Robots, the Internet of Things (IoT), and artificial intelligence (AI) are daily fixtures in hospitals, and this technology is now transforming the dairy industry.
In healthcare, these innovations were first met with concern regarding job losses and, within a short time, became widely accepted. Now, more farmers are embracing this technology, pushing the dairy industry into an analogous position that healthcare occupied years ago. Dairy farmers have an advantage: by observing the changes in healthcare, dairy farmers can learn and prepare their workforce for an inevitable and seamless agtech revolution.

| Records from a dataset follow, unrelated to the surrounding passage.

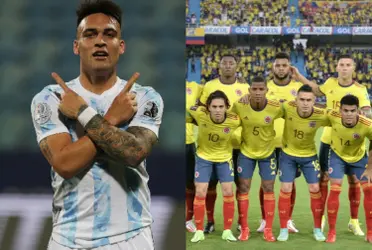 El argentino Lautaro Martínez solo respeta en la Selección Colombia a Radamel Falcao y no es de ahora es desde hace mucho tiempo por una razón.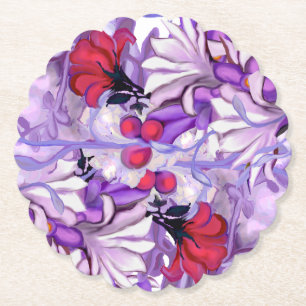 Dessous-de-verre En Papier Fée du soleil violet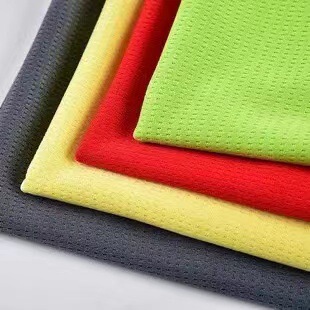 现货全涤三级鸟眼布针织网眼布 吸湿排汗速干t恤运动服篮球服面料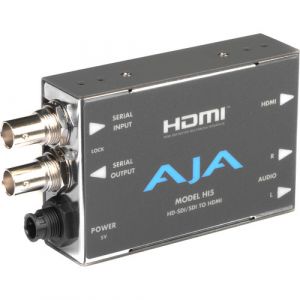 AJA HD/SD-SDI to HDMI Video and Audio Converter with DWP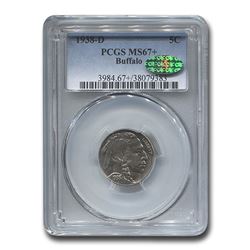 1938-D Buffalo Nickel MS-67+ PCGS CAC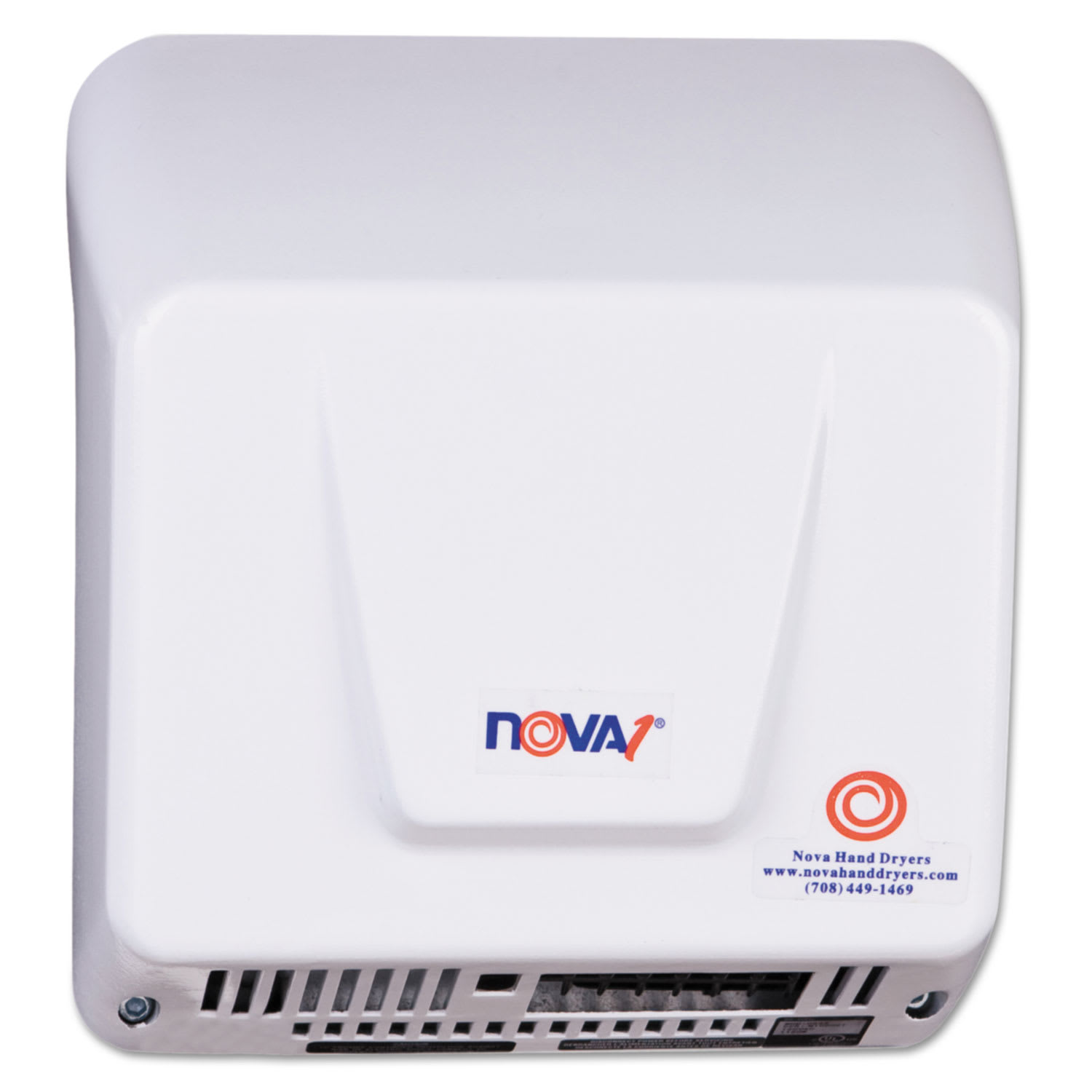 WORLD DRYER NOVA Hand Dryer, 110-240 V, 9 x 9.75 x 4, Aluminum, White - Image 3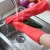 Import High quality cotton lined rubber household latex foods spray lined household gloves from China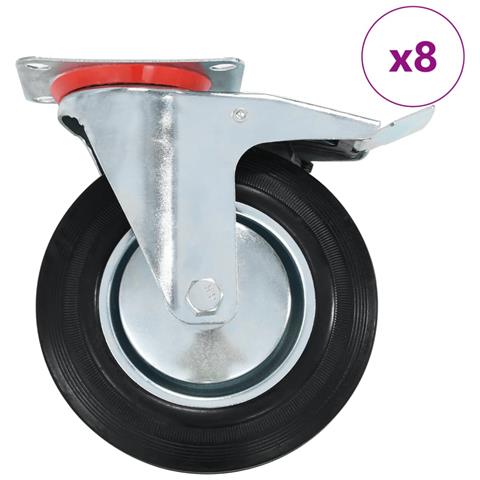 Ruote Girevoli 8 Pz 200 Mm - Foto 2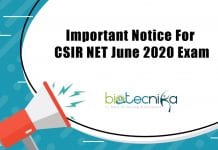 CSIR NET 2020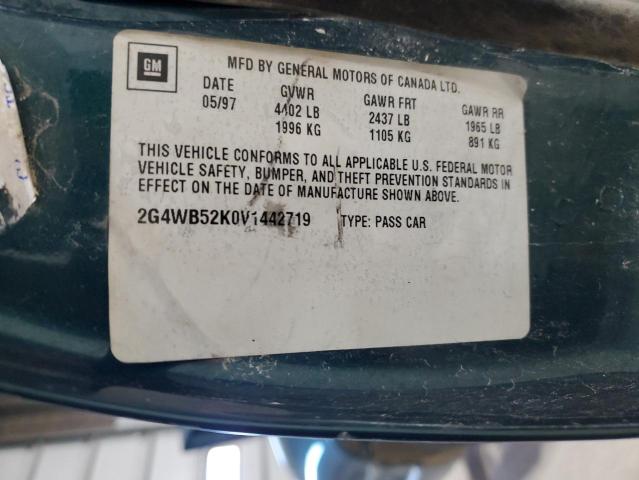 2G4WB52K0V1442719 - 1997 BUICK REGAL LS 绿色 照片 12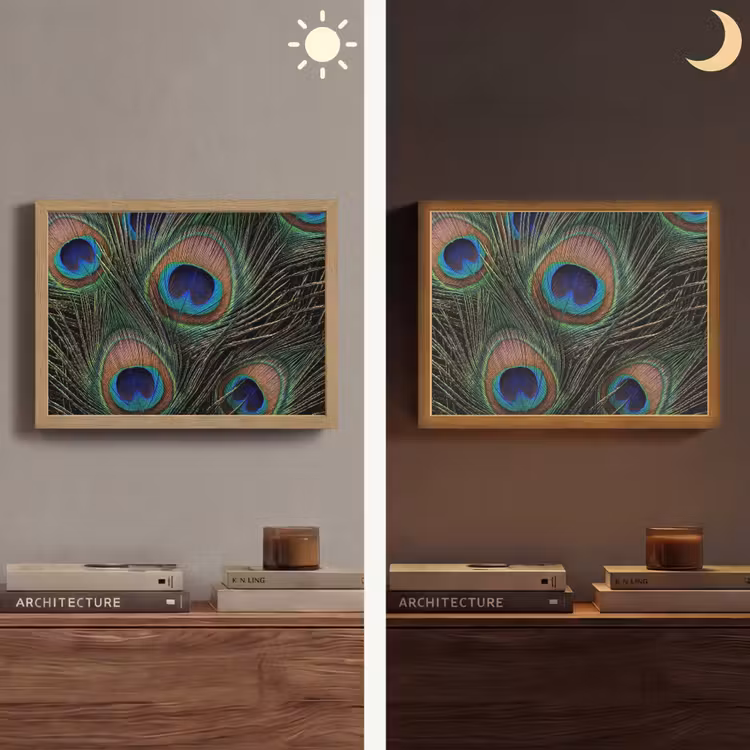 Lightbox - Wandlamp - Pauwenveren - Klassiek - Groen — 6
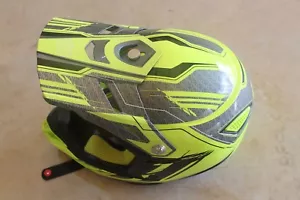 Zox Neon Hi-Viz Casco Amarillo Adulto Tamaño XS Motocross Dirtbike ATV MX 3095 Z1 - Imagen 1 de 10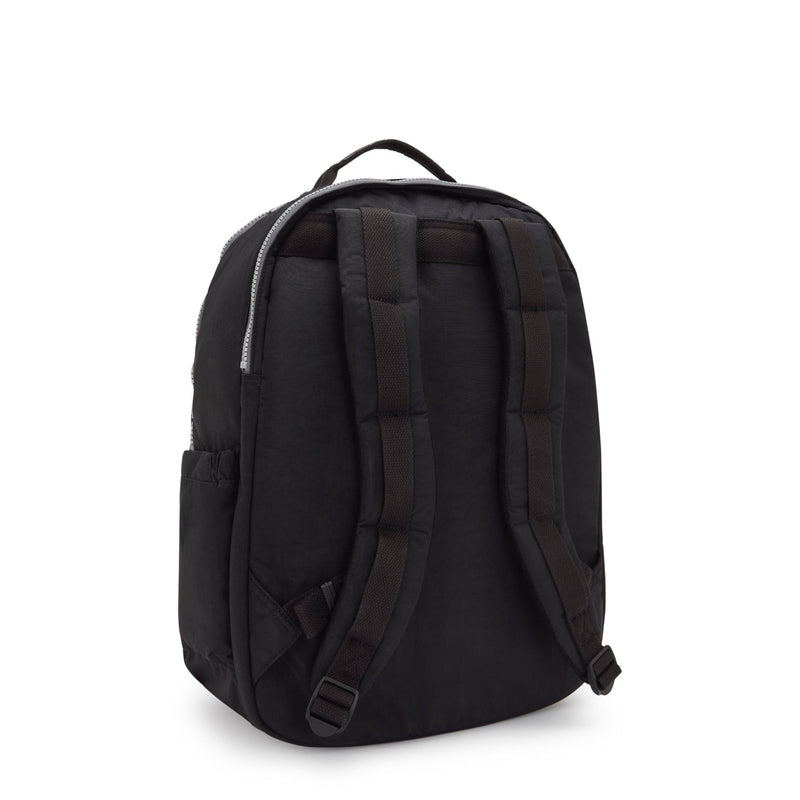 Mochila Space Black Block Kipling Seoul Xl Backpacks - Farmacias Arrocha
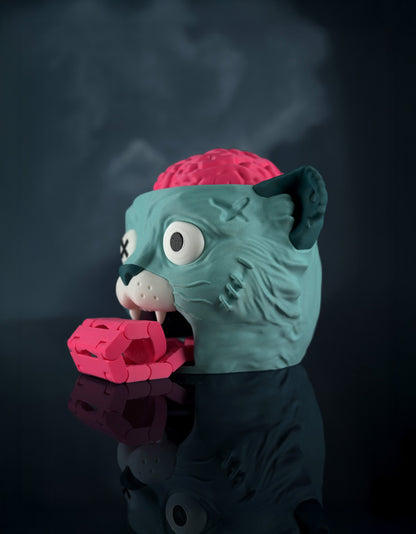 Distributeur de bonbons Chat Zombie imprimé en 3D – Jagou Design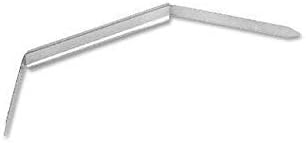 OLYMPX 100 Pcs Premium Metal Prong Paper Fastener Bases, 2” Capacity, 2.75 Inch Base for Paper File Clip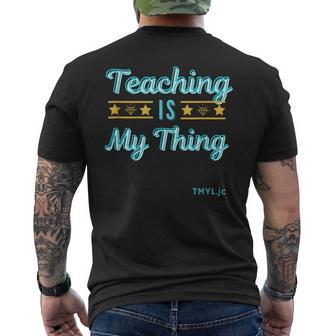 Unterricht Ist Meine Sache Für Lehrer Aller Dinge Lehrer T-Shirt mit Rückendruck - Geschenkecke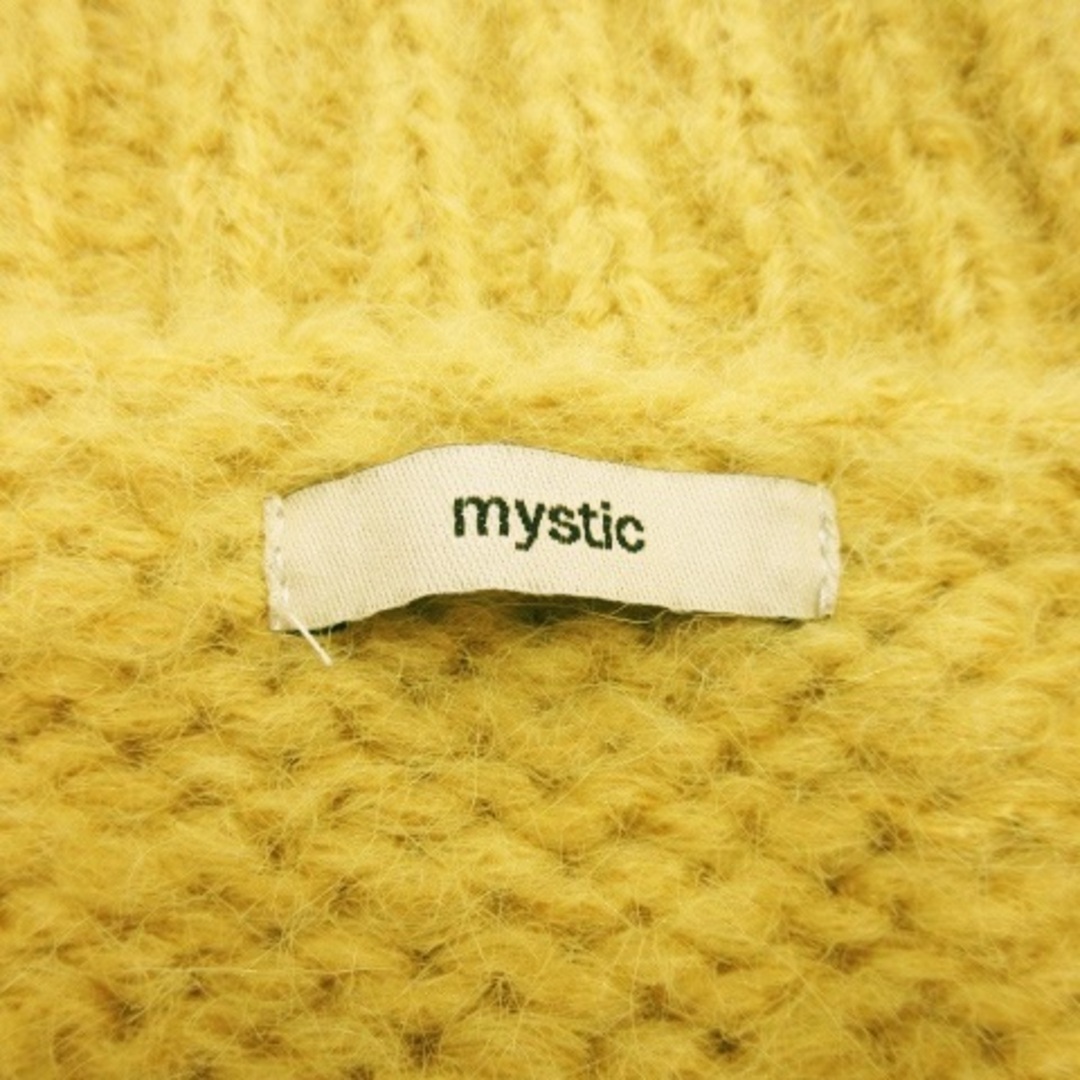 mystic(ミスティック)のミスティック ニット セーター 襟付き 長袖 ハーフジップ F 黄 イエロー レディースのトップス(ニット/セーター)の商品写真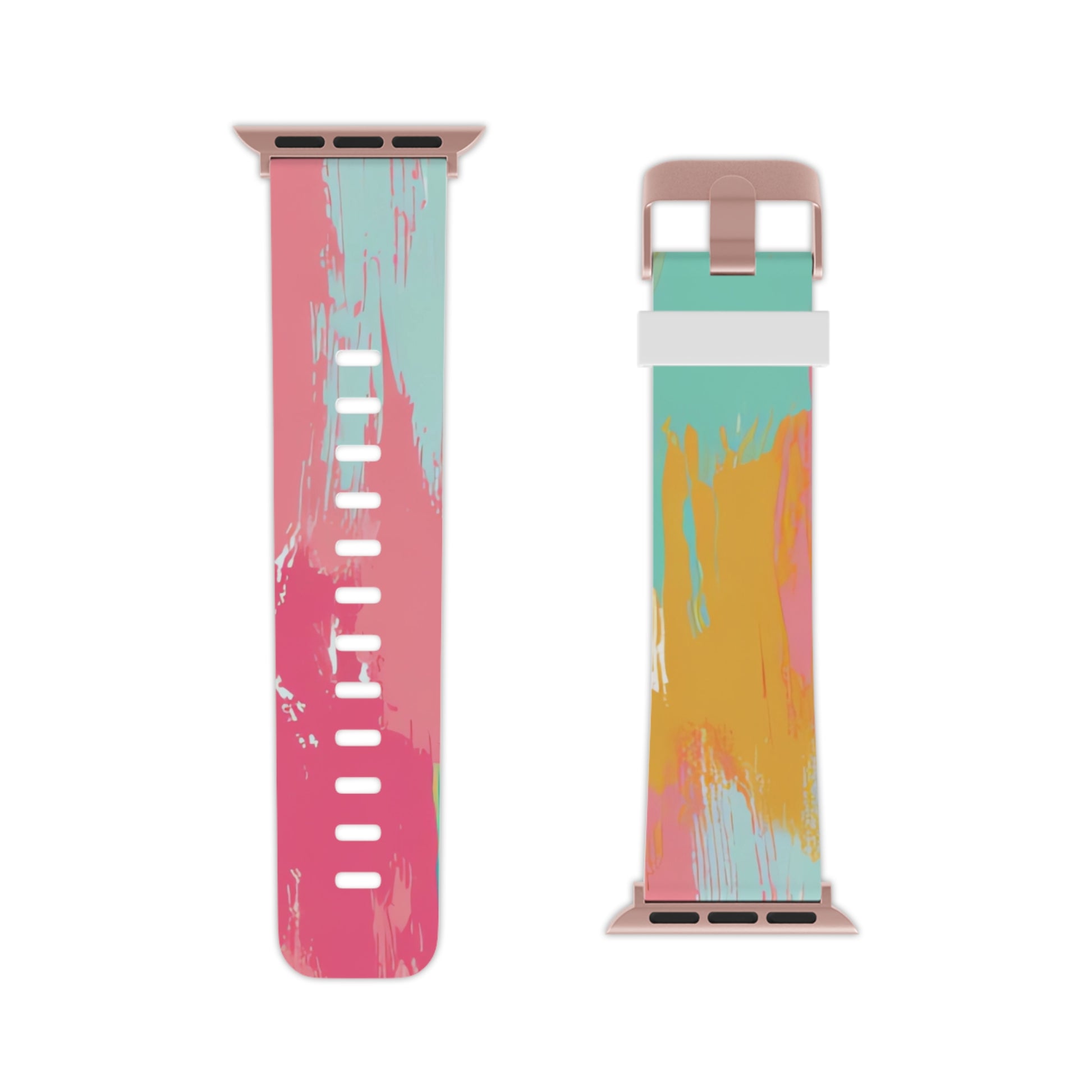 Preppy Pixel Bloom Watch Band for Apple Watch, Artsulli - Art is Long, Life is Short, Accessories, , , , , , , 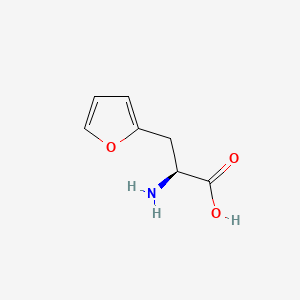 Chemical structure of 3-Furan-2-ylalanine
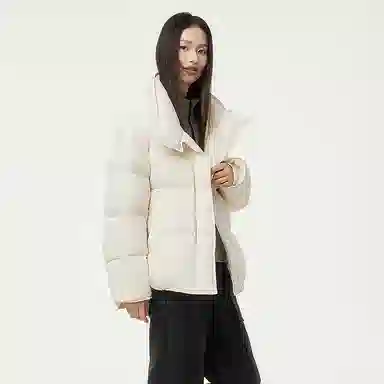 坦博尔 纯色立领长袖羽绒服 女款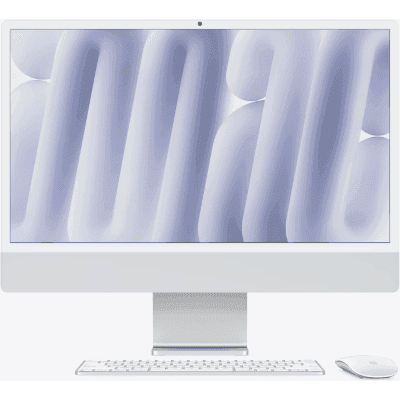 iMac 24-inch with Retina 4.5K display Apple M4 chip with 8‑core CPU and 8‑core GPU, 16GB, 256GB SSD - Silver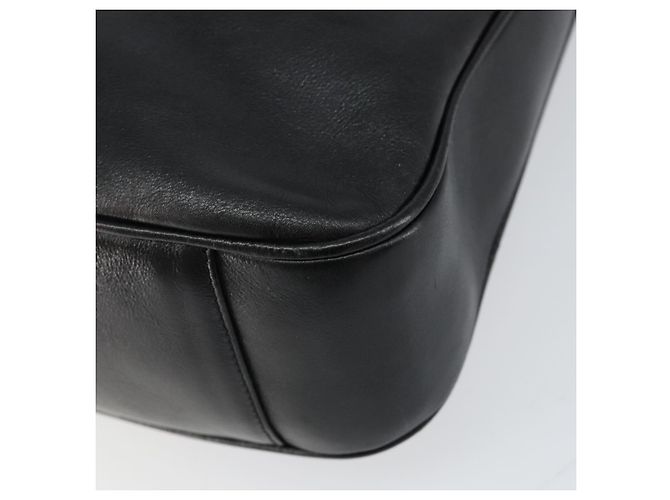 Borsa a Spalla in Pelle Gucci Bamboo 2way Nera Oro 001 0166 1638 Auth 151017 Nero D'oro - vista 18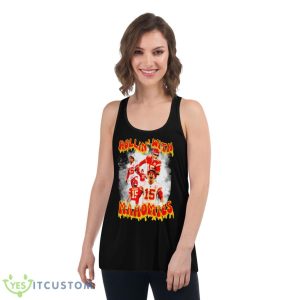Rollin With Mahomies Kansas City Shirt 10 Rollin With Mahomies Kansas City Shirt - Women's Flowy Racerback Tank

At the Aalborg University Hospital, robots efficiently transport up to 3,000 blood samples at a stable temperature to ensure accurate analysis and enhanced patient care. Beyond logistical tasks, one robot named PARO responds to touch and sound to reduce stress, anxiety, and loneliness for patients.
Agricultural robots are being embraced in a similar manner on the farm. For example, robots can clean the barns, feed the animals, and even let cows choose when to be milked. AgriTech Capital estimates that over 1 million cows worldwide are milked by robots, and the Dairyland Initiative group found that one robot could manage an average of 53-70 cows.
By providing real-time and relevant data to healthcare professionals, IoT technologies, such as smart devices and wearables, have transformed the work of hospital staff. These health devices eliminate the need for continuous monitoring, allowing bedside staff to allocate their time to other tasks.
IoT devices are following a similar trend in agribusiness. They can precisely assess the inputs and management of dairy farms in real-time, improving accuracy and saving time for farmers. Some of the visible examples of this in our dairy industry are the millions of wearable devices such as collars and ear tags, and the smart rumen bolus of SmaXtec, which is the newest technology in the US dairy market and is already used by hundreds of thousands of cows. Being able to monitor the movements, productivity, and health of cows before any issues arise can save hundreds of dollars per year for each animal on a dairy farm.
Medical errors, which cost the healthcare industry US$1.9 billion annually and result in over 200,000 fatalities, are often caused by fatigue, memory lapses, lack of experience or training, and misunderstandings. The use of AI in healthcare, provided by companies like Google Health and Babylon Health, has already improved disease detection and patient outcome predictions.
How can we avoid mistakes on our farms? AI can help us overcome human errors by accurately analysing data, forecasting yields, detecting potential health issues, optimising resource allocation and connecting decisions to market needs and prices. AI computations can also play a key role in tackling carbon credits and resource scarcity. Moreover, big data and cloud computing enable farmers to deal with the real challenges they face from weather, genetics, market fluctuations and the microbiome of soil and animals. For example, Ever.Ag is a technology company that specialises in dairy, which allows for better decision-making in real-time based on market changes, with fewer errors.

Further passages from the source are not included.